I am capable of change AND I am capable of staying stuck in bad habits
Maybe I'm just procrastinating and wasting time reading through my older blog entries because I'm feeling tired right now. However, upon reading my entry about eating too much at the all-you-can-eat-buffet I had an idea for this entry I'm writing now.
I have been following the 5/2 Diet for a fair amount of time now. Mondays and Thursdays are my days. One recent Thursday, in the past month or so, I had a lunch meeting with clients. We met at Souper!Salad! While I'm sure I didn't limit myself to just 200 calories, I really did do a great job of eating just a modest amount of food, stopping before I was even truly full. I felt so good about myself in exercising such excellent restraint.

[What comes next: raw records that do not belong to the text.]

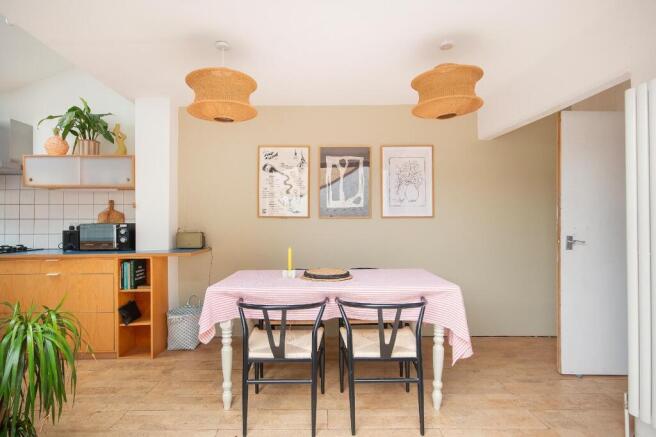 1R8HEE - Kitchen Diner A.jpg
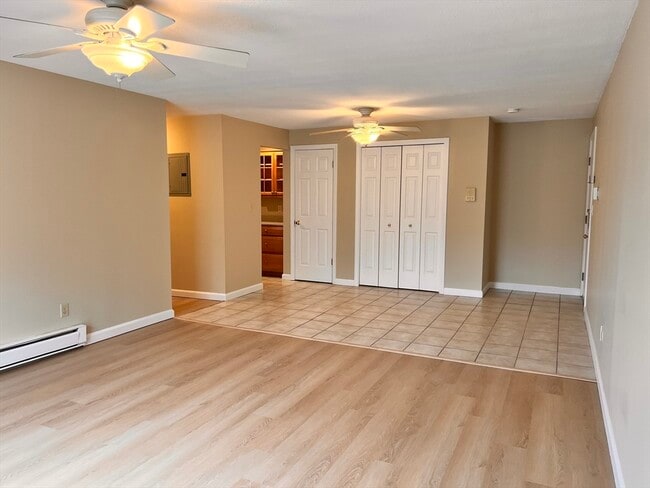 Photo - 180 Main St Unit F136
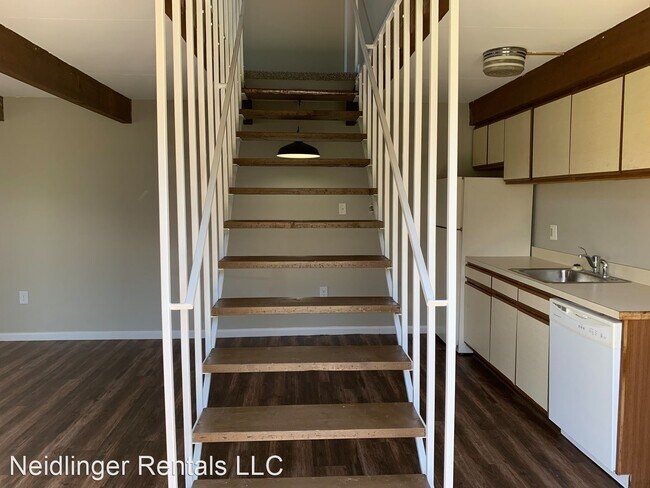 Building Photo - 401-479 Garden Dr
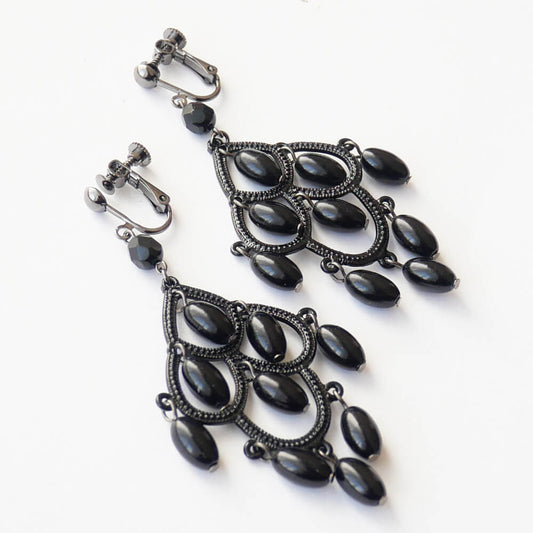 ブラック シャンデリア イヤリング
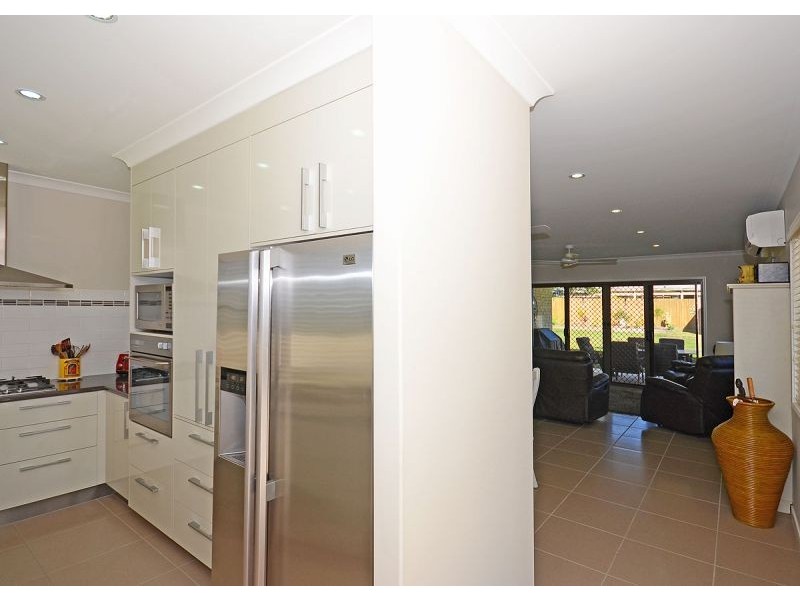 17 Joycelyn Terrace, River Heads QLD 4655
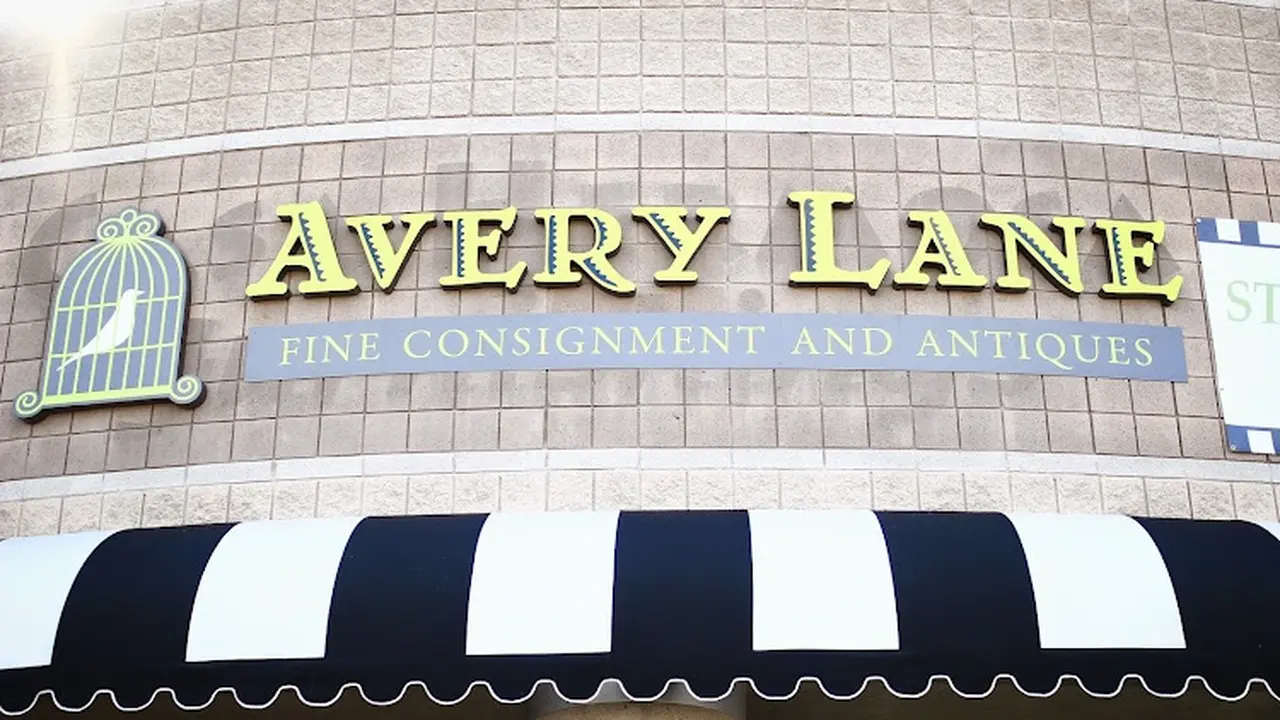 Consignment store in Scottsdale, Arizona: Avery Lane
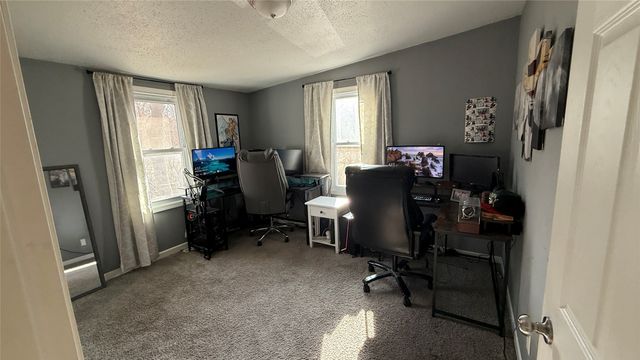 307 N 9th Avenue W, Newton, IA 50208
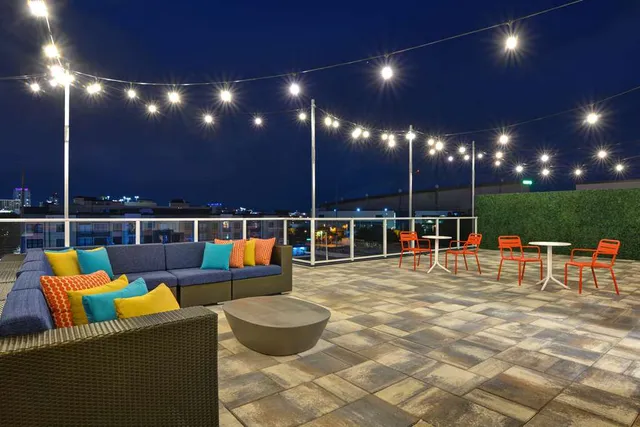 Tru by Hilton St. Petersburg Downtown Central Ave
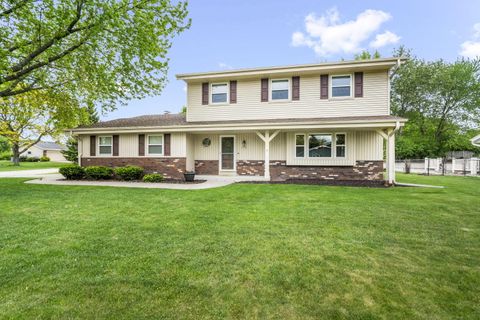 Photo of 15025 W Vera Cruz Dr, New Berlin, WI 53151 (MLS # 1963708)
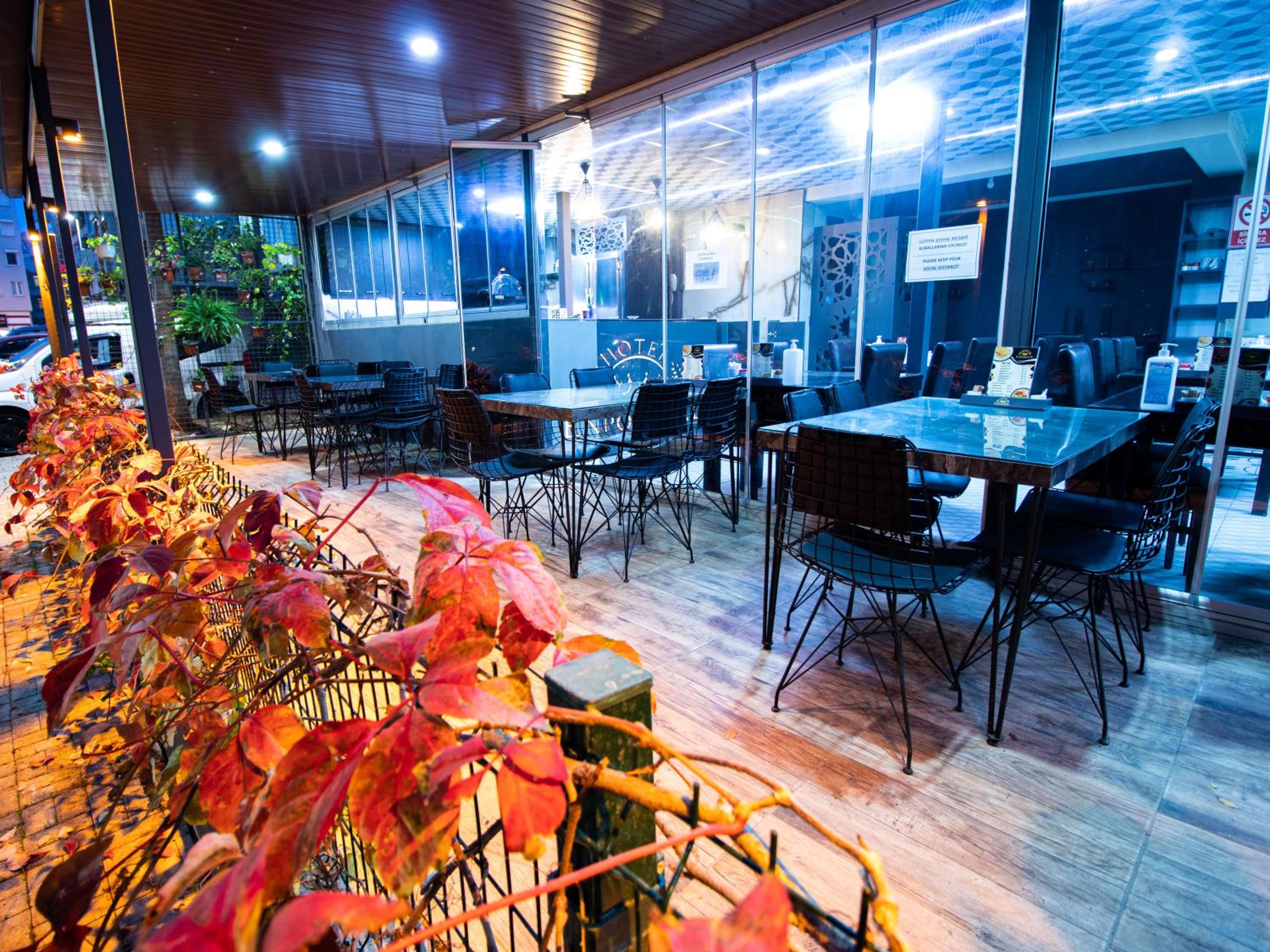 Exporoyal Hotel - Image 7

On the other hand, I still continue to overeat on lots of other occasions. I think part of the issue lately, is that I have been so hungry from all the additional exercise I've been doing. While I am thinking that I need to switch to a 6/1 Diet, I still need to get much better at pushing myself away from the table sooner on my "6" days. I need to learn that it's better to walk away before I'm completely full and have another small meal in as soon as another hour than to stuff too much in trying to completely squelch the sense of hunger.
I give thanks to the Universe for the abundance it provides me. I surrender and am open and ready to receive.
Bhavatu, sabba, mangalam -- May all beings be happy.